I'm a playstation fan, but not a too hardcore one. 2 USB fit me fine, and I use the 80 GB 500$ US version. I use one for keyboard, and one for charging controllers. Screw mice, I LIKE using my controller to browse the net.

Then again, I just hook up my dell netbook up to my Sony HD-TV screen and use it's 3 USB's to their full capacity (Personal hard drive, eBoostr Flashdrive, and Wireless mouse) which is about the best web surfing experience I think I could get.

But with wireless internet, I could use both my PS3's browser AND my netbook at the same time.

...I don't know why I'd ever _want_ to, but I could. 

When it comes to conventional, everyday use, (not when it comes to SUPER HARDCORE PLAYSTATION FANBOI) this PS3 looks, as I said, sexy. Too bad I bought mine a while back and have no intention of upgrading.

So yeah, I say:

If you want a well-priced, great video game system that's pretty durable, yet still makes you feel awesome every time you see it on your shelf, go with this.

If you shove HDMI cables up your butt and regularly jerk it to pictures of the Sony Logo, maybe not.


----------



## Imperial Impact (Aug 19, 2009)

Runefox said:


> Then... Um... Buy one? Hell, there's plenty of used ones out there that you can homebrew to get even more awesomeness out of it. The PSP-2000 / Slim series is great for that thanks to the extra memory. Run IRShell and you can actually multitask between two programs at once (so long as they only use regular memory) and the IRShell menu itself. So I can run a PSP game either from the UMD port or the memory stick and an emulator at the same time, or play MP3's while browsing, or use all the available memory to increase browsing performance with a special variant of the browser. It's really awesome.


 I don't think I've got enough money. :X


----------



## Lazydabear (Aug 19, 2009)

Well, I hope the new PS3 have Backward compatibility with old PS one and two games since people bitching about that the old PS3 didn't have it.


----------



## AshleyAshes (Aug 19, 2009)

Lazydabear said:


> Well, I hope the new PS3 have Backward compatibility with old PS one and two games since people bitching about that the old PS3 didn't have it.


 
While no PS2 support is present on the PS3 Slim, -all- models of PS3 support PS1 games.  This is because PS1 support is achived by software emulation.  Even the 'non-backwards compatable' PS3's still run PS1 games.


----------



## Nikolai (Aug 19, 2009)

Lazydabear said:


> Well, I hope the new PS3 have Backward compatibility with old PS one and two games since people bitching about that the old PS3 didn't have it.
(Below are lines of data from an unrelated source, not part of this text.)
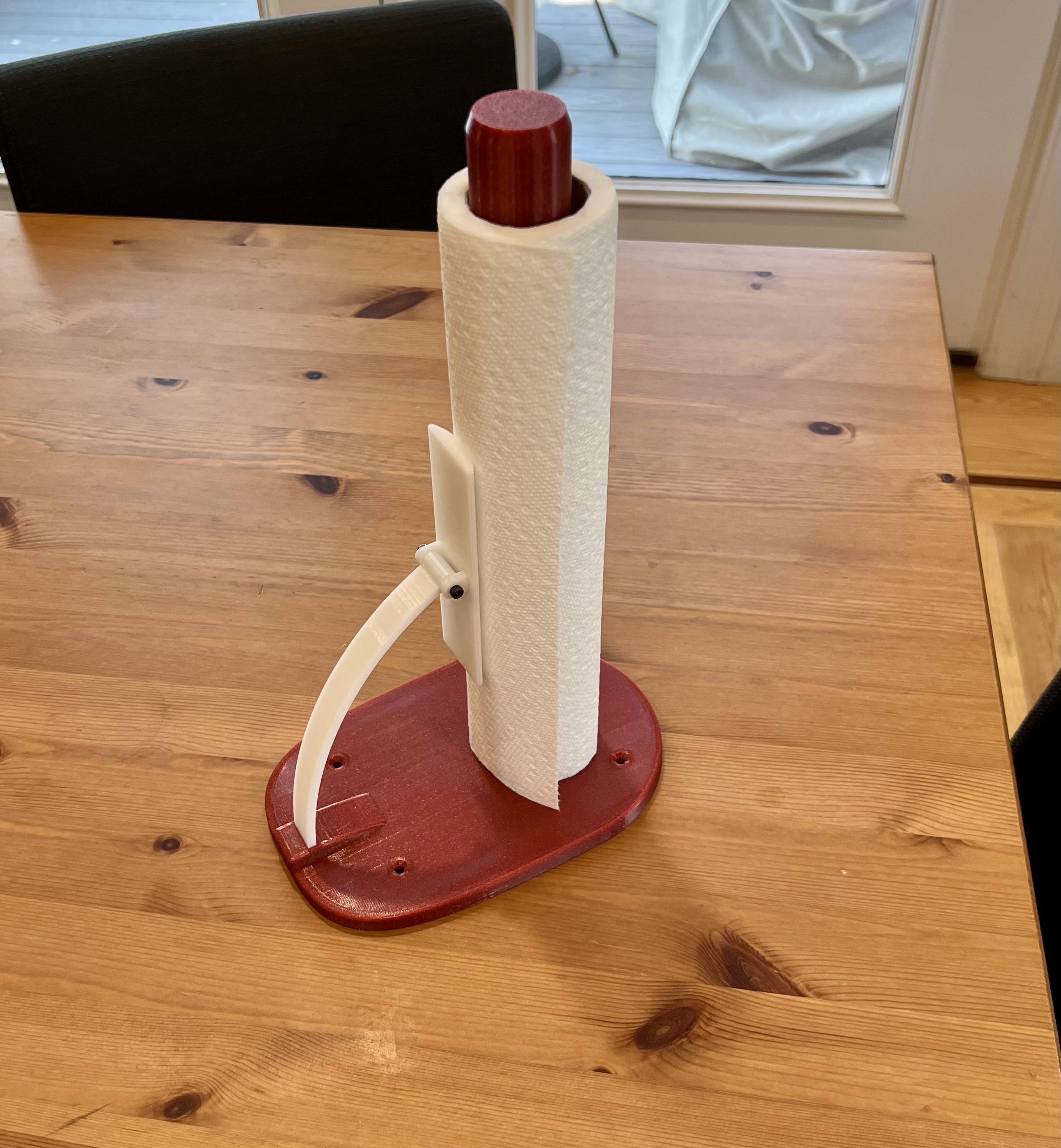 PaperMate: The paper towel holder that’s your best friend in the shop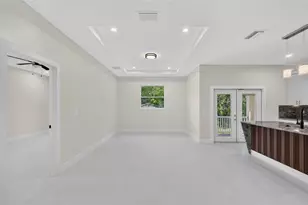 619 W Valencia St, Lakeland, FL 33805 - Photo 12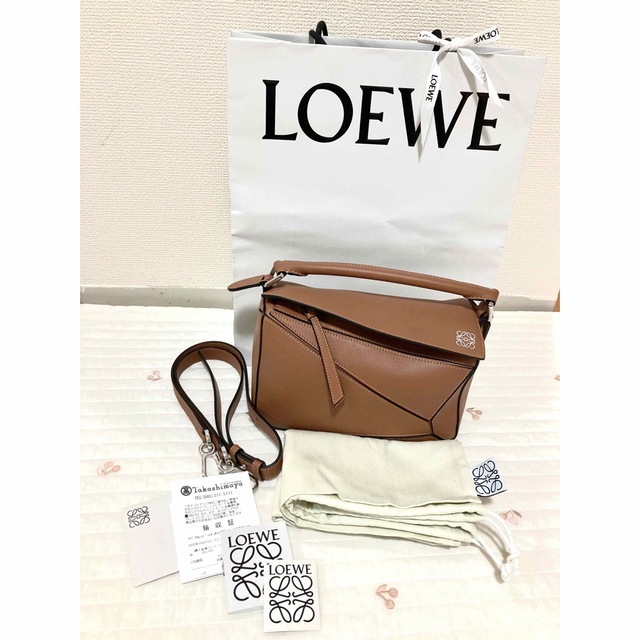 定番のお歳暮＆冬ギフト LOEWE - ロエベ パズルバッグ スモール タン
I just switch output cables or TVs with my old systems I still keep around. I never saw the issue for backwards compatibility, if you already OWN the games (and thus the system that is appropriate to play them) and sony uses the same basic output cables for PS1, 2, and 3. The only exception is with HD cables, but since PS2 and 1 aren't HD-compatible, (to my knowledge...) it's not a huge issue.

I've been through PS1, PS1 Slim, PS2, PS2 Slim, and PS3... and personally the PS2, non-slim, seemed to be the most ideal gaming system possible to me. This PS3 seems to feel a lot like that one, so Sony might be making a really smart move here.


----------



## Lazydabear (Aug 19, 2009)

Well right now, the rumor mill on Xbox 360 have to have some defective problems with the Red Light issue poping up that I guess Sony trying to take advantage of the situation releasing PS3 Slim as a way to make a buck.


----------



## Nikolai (Aug 19, 2009)

Lazydabear said:


> Well right now, the rumor mill on Xbox 360 have to have some defective problems with the Red Light issue poping up that I guess Sony trying to take advantage of the situation releasing PS3 Slim as a way to make a buck.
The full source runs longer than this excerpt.